__PROBLEM DESCRIPTION__
A faithful copy of the data, pictures omitted, is the required answer.

__TASK DATA__
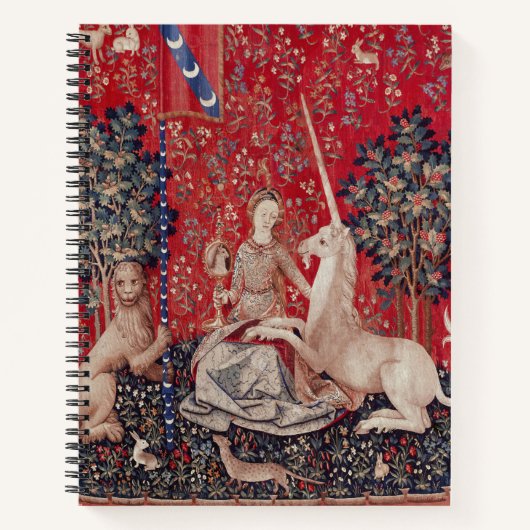 Lady and Unicorn Medieval Tapestry Sight Notizblock (Vorderseite)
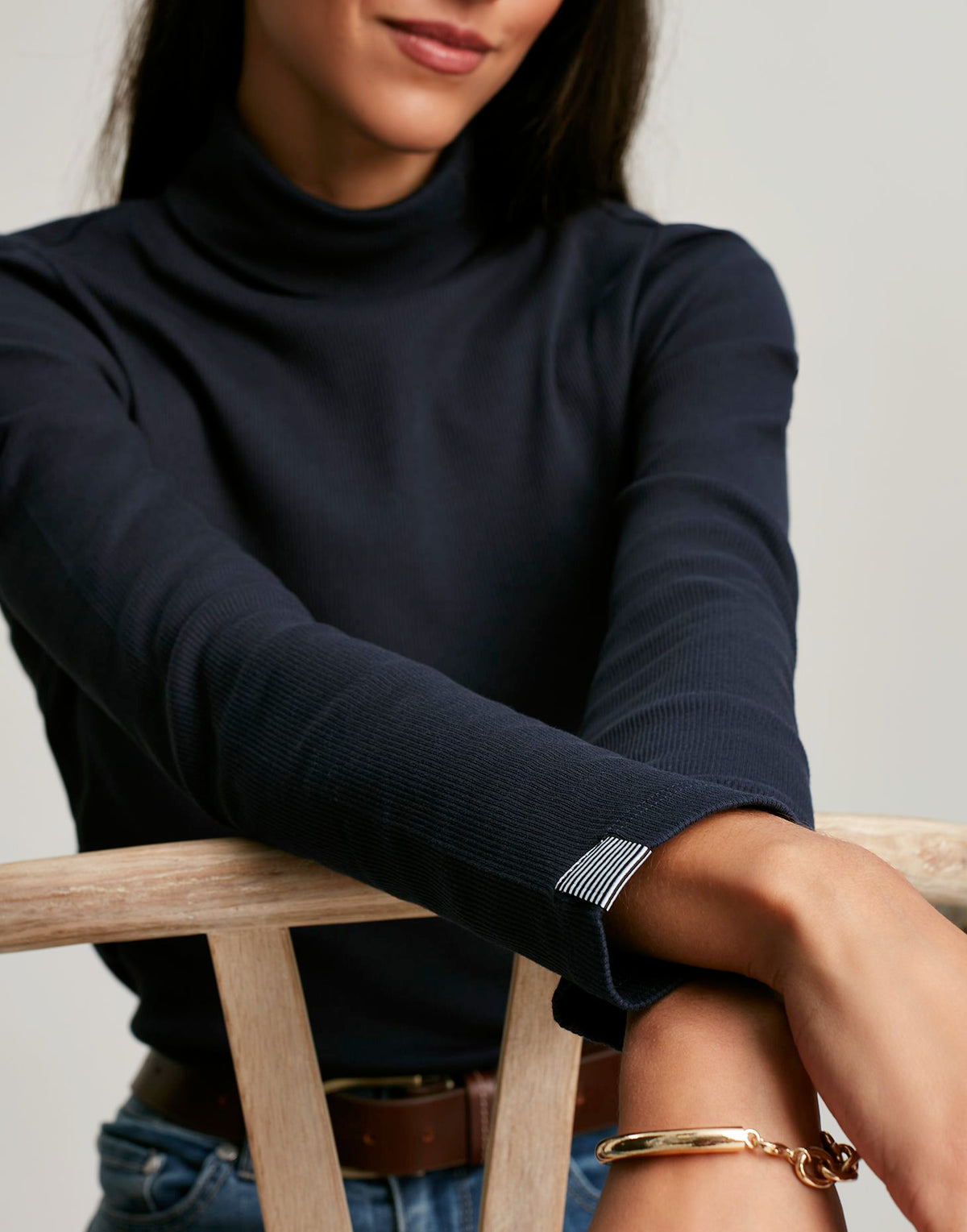 Joules Clarissa Roll Neck Jersey Top - French Navy - Women's - View 2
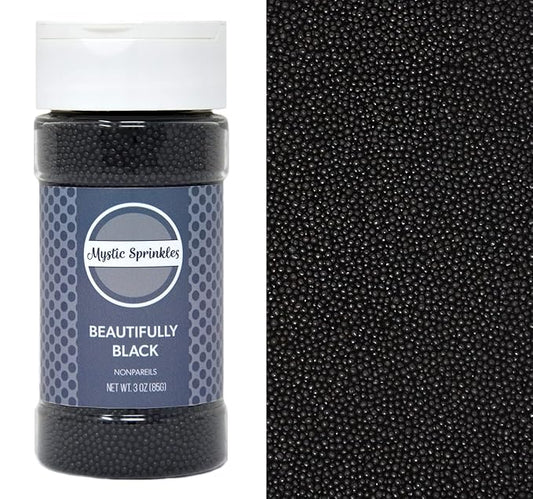 Mystic Sprinkles Solid Color Nonpareils 3.8oz Bottle (Beautifully Black)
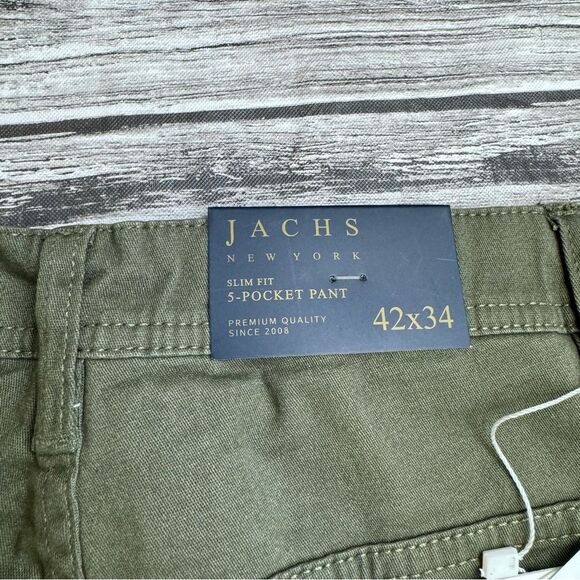 JACHS New York Men's Slim Fit 5-Pocket Pants Stretch Twill 42 x 34 Army Green - Picture 5 of 13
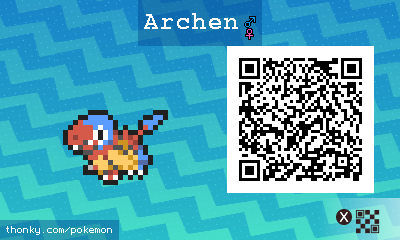Archen QR Code for Pokémon Sun and Moon QR Scanner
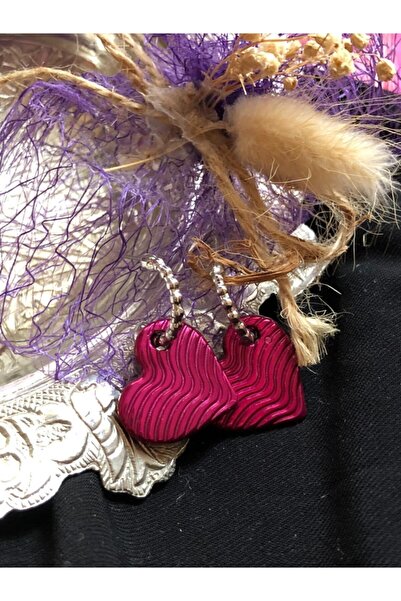 Leerybee الكروم الفوشيه اللون أقراط القلب مضاد الأرجية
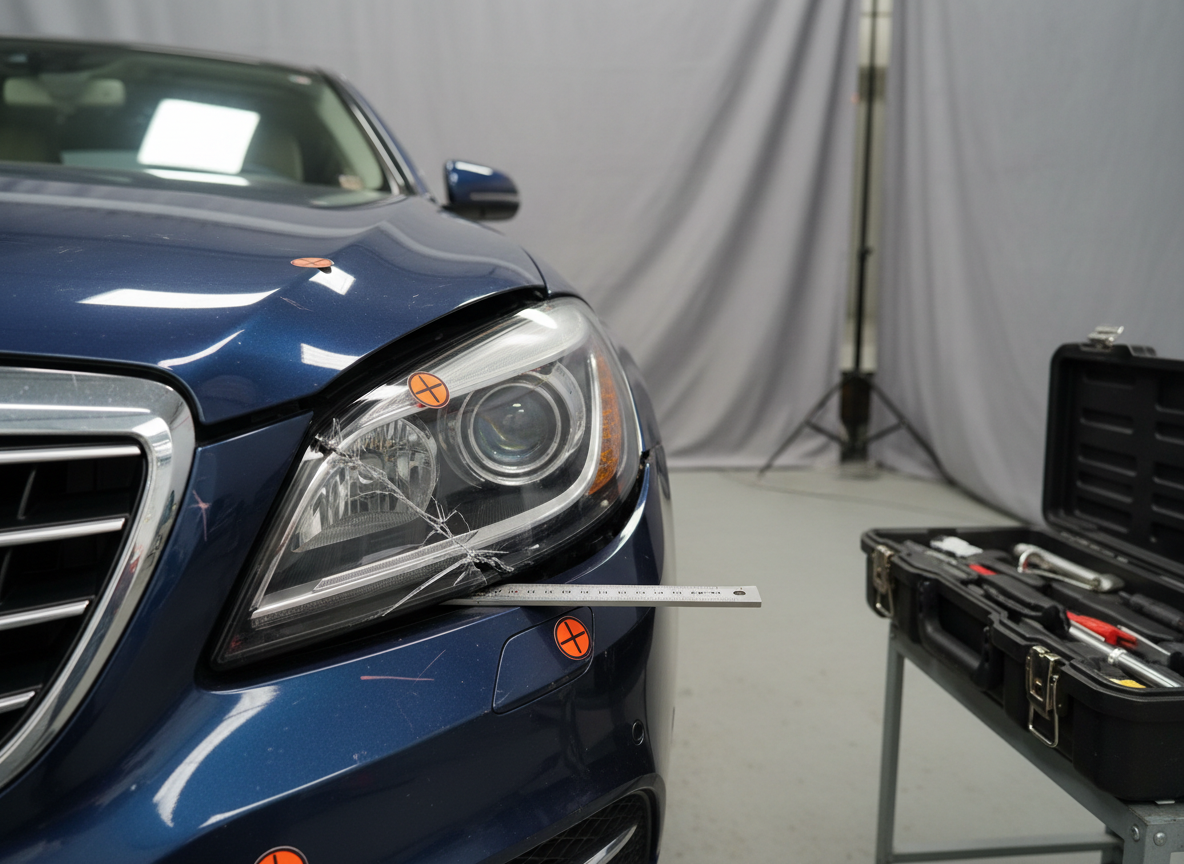 A close-up, highly detailed view of a dark blue car’s front fender and headlight area showing clearly documented collision damage: cracked plastic, subtle paint transfers and measured gaps between panels. Adhesive markers and a small folding measuring ruler are precisely positioned around the damage. In the background, slightly blurred, stands a neutral grey portable backdrop and an organized, closed tool case. Cool, diffused indoor lighting from a workshop ceiling creates soft reflections on the metallic paint without glare. Photographic realism with a shallow depth of field and a slightly angled composition emphasizes technical accuracy, calm professionalism and thorough damage documentation for insurance and liability assessments.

__FINAL ANSWER__
 Lady and Unicorn Medieval Tapestry Sight Notizblock (Vorderseite)
 Joules Clarissa Roll Neck Jersey Top - French Navy - Women's - View 2
 Mystic Sprinkles Solid Color Nonpareils 3.8oz Bottle (Beautifully Black)
 JACHS New York Men's Slim Fit 5-Pocket Pants Stretch Twill 42 x 34 Army Green - Picture 5 of 13
Archen QR Code for Pokémon Sun and Moon QR Scanner
 Leerybee الكروم الفوشيه اللون أقراط القلب مضاد الأرجية
 A close-up, highly detailed view of a dark blue car’s front fender and headlight area showing clearly documented collision damage: cracked plastic, subtle paint transfers and measured gaps between panels. Adhesive markers and a small folding measuring ruler are precisely positioned around the damage. In the background, slightly blurred, stands a neutral grey portable backdrop and an organized, closed tool case. Cool, diffused indoor lighting from a workshop ceiling creates soft reflections on the metallic paint without glare. Photographic realism with a shallow depth of field and a slightly angled composition emphasizes technical accuracy, calm professionalism and thorough damage documentation for insurance and liability assessments.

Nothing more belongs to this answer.